[Opening Given data section]

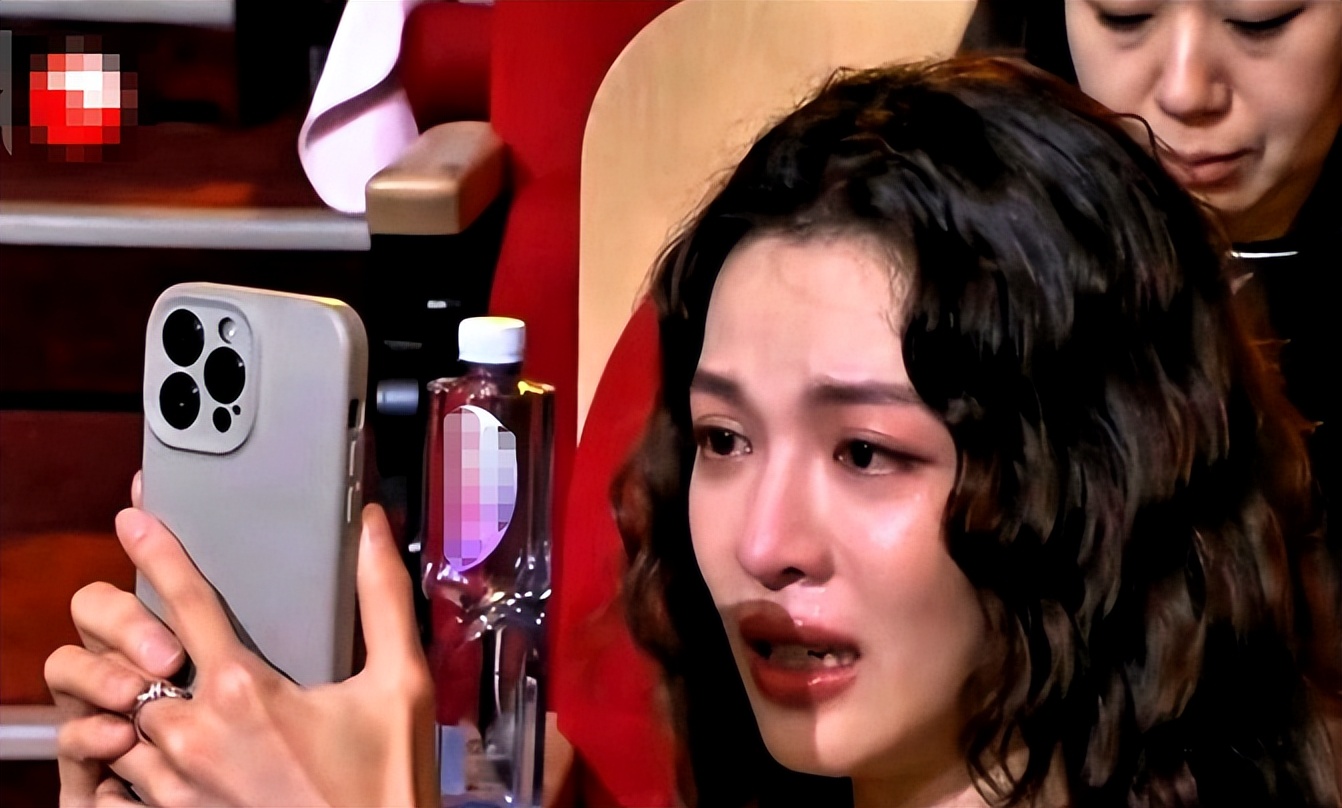 宋佳夺金鸡奖“影后”的瞬间，女演员间的微表情展现出一张人情网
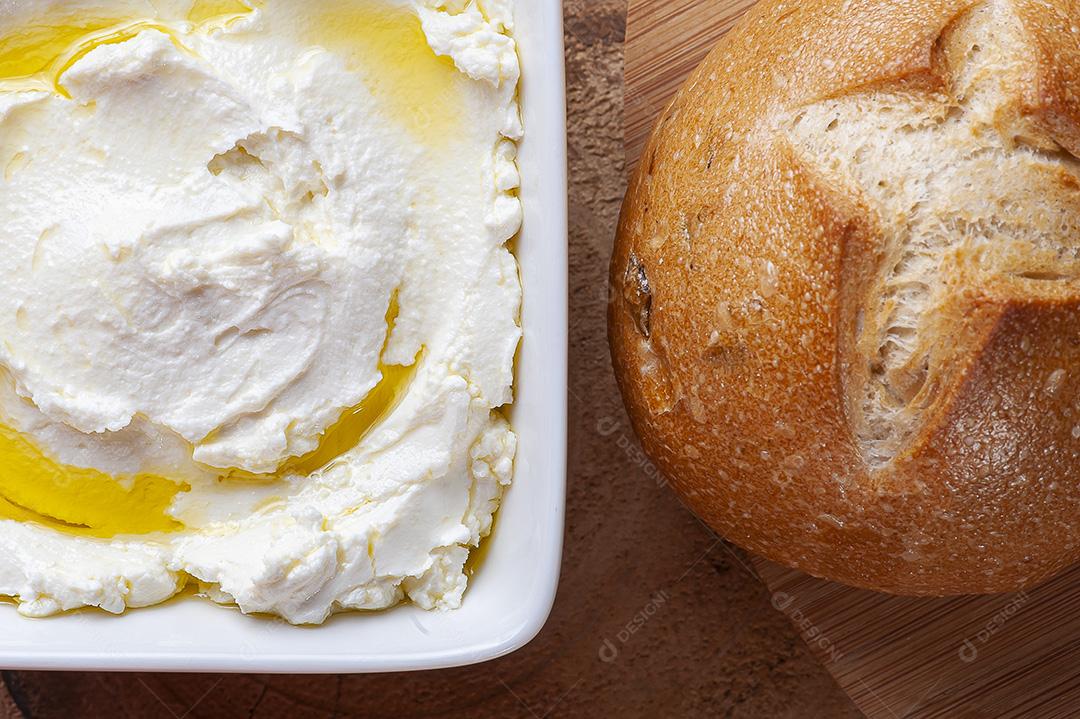 Popular aperitivo do Oriente Médio labneh ou labaneh, branco macio JPG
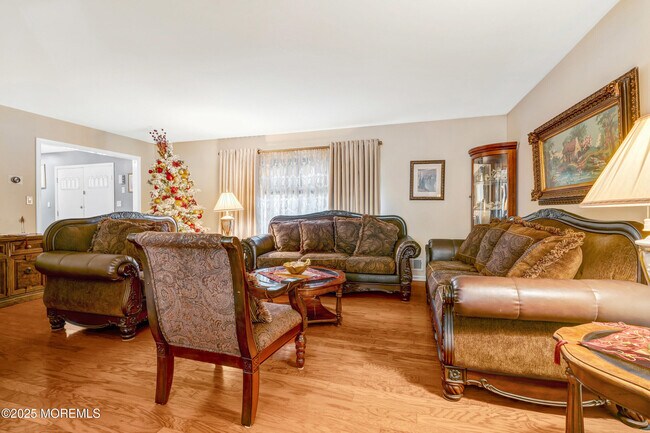 Building Photo - 7 Oak Tree Ln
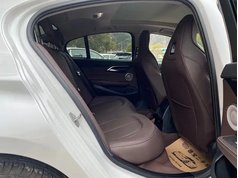 宝马1系 2022款 125i M运动曜夜版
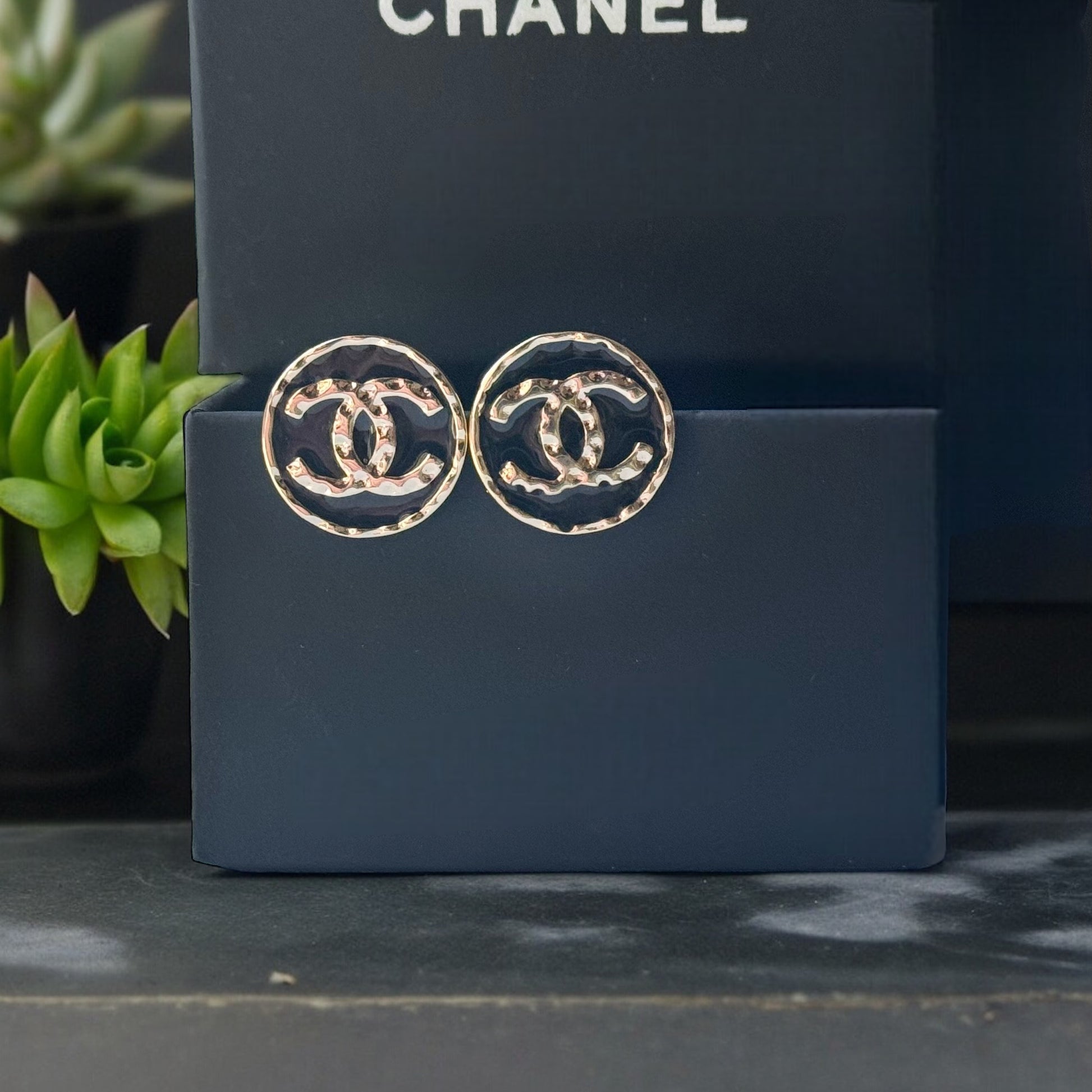 Chanel Gold Double C Textured Black Enamel Round Earrings 24 C Made in ItalyElevate any outfit with Chanel's iconic Gold Double C Textured Black Enamel Earrings. Made in Italy with a stunning minimal texture and smooth black enamel, these round post earri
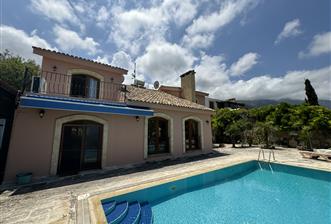 3 Bed Mediterreanean Villa For Sale 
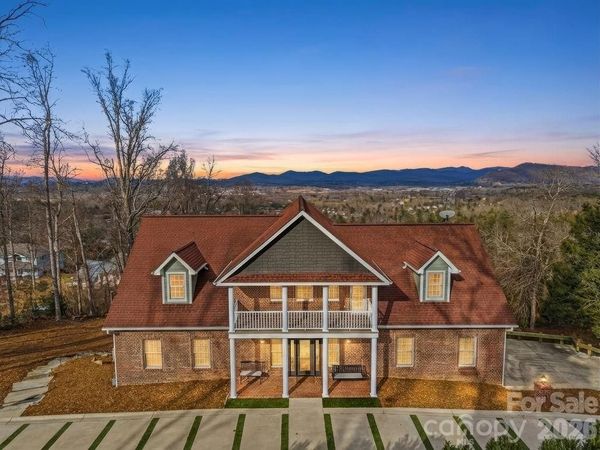 38 Sweetwater Oaks Drive , Fletcher, NC 28732
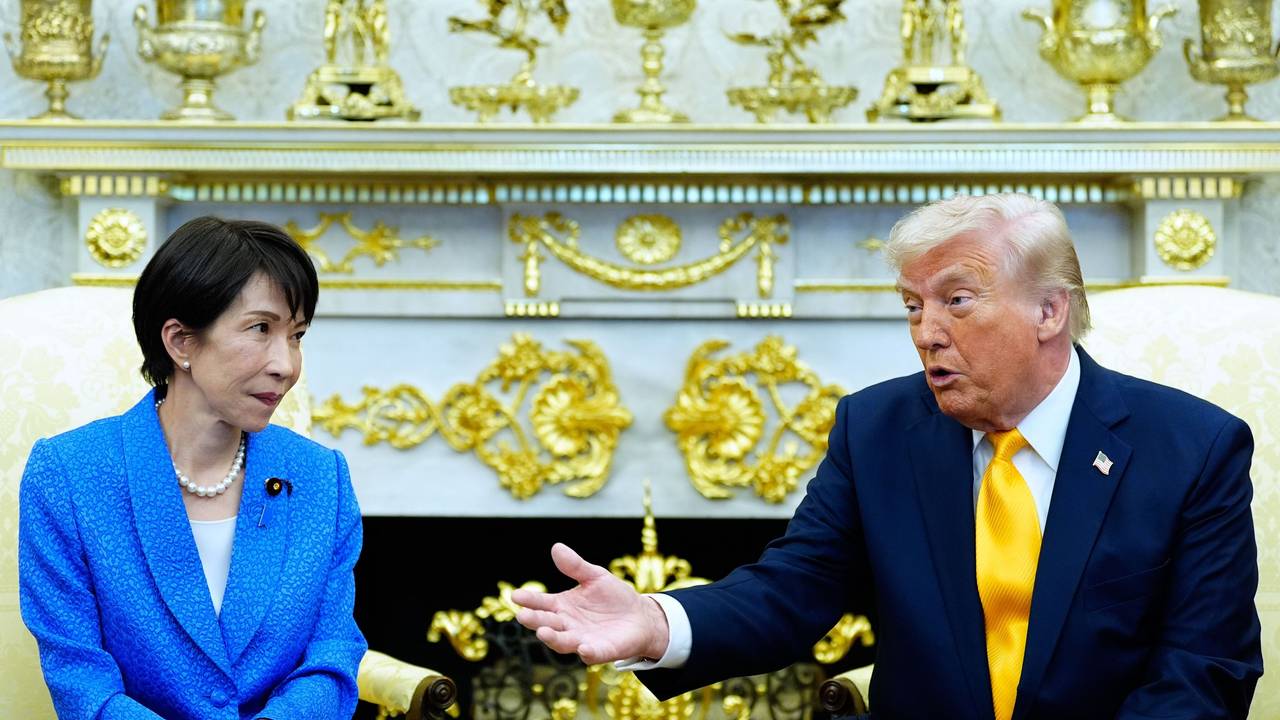 Präsident Donald Trump spricht mit Japans Premierministerin Sanae Takaichi im Oval Office des Weißen Hauses.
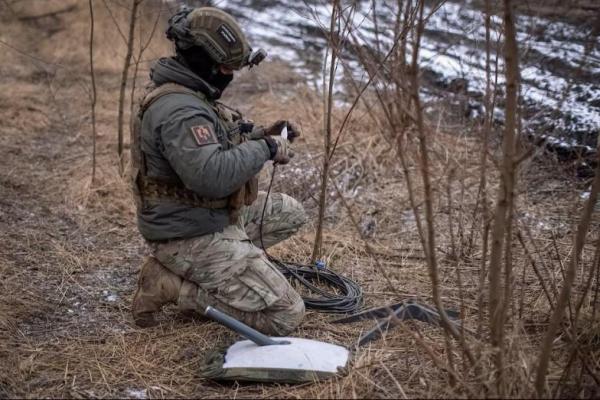 Seorang prajurit Ukraina dari Brigade ke-47 mempersiapkan sistem internet satelit Starlink di posisinya di garis depan, dekat kota Avdiivka, di wilayah Donetsk, Ukraina, 20 Februari 2024. REUTERS 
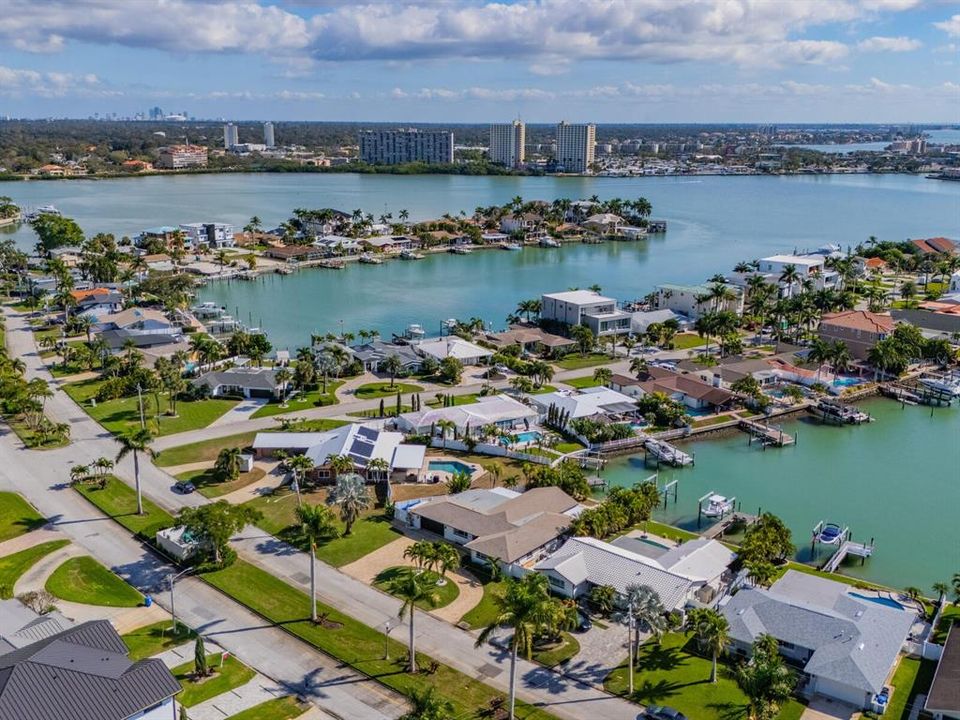 待售: $1,850,000 (4 贝兹, 3 浴室, 2153 平方英尺)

[Closing Given data section]

Problem requirements:
Lines from the one containing "Popular aperitivo do" through the final line of the entries above are to be retyped exactly, with every picture left out.

Answer:
 Popular aperitivo do Oriente Médio labneh ou labaneh, branco macio JPG
 Building Photo - 7 Oak Tree Ln
 宝马1系 2022款 125i M运动曜夜版
 Chanel Gold Double C Textured Black Enamel Round Earrings 24 C Made in ItalyElevate any outfit with Chanel's iconic Gold Double C Textured Black Enamel Earrings. Made in Italy with a stunning minimal texture and smooth black enamel, these round post earri
 3 Bed Mediterreanean Villa For Sale 
 38 Sweetwater Oaks Drive , Fletcher, NC 28732
 Präsident Donald Trump spricht mit Japans Premierministerin Sanae Takaichi im Oval Office des Weißen Hauses.
 Seorang prajurit Ukraina dari Brigade ke-47 mempersiapkan sistem internet satelit Starlink di posisinya di garis depan, dekat kota Avdiivka, di wilayah Donetsk, Ukraina, 20 Februari 2024. REUTERS 
 待售: $1,850,000 (4 贝兹, 3 浴室, 2153 平方英尺)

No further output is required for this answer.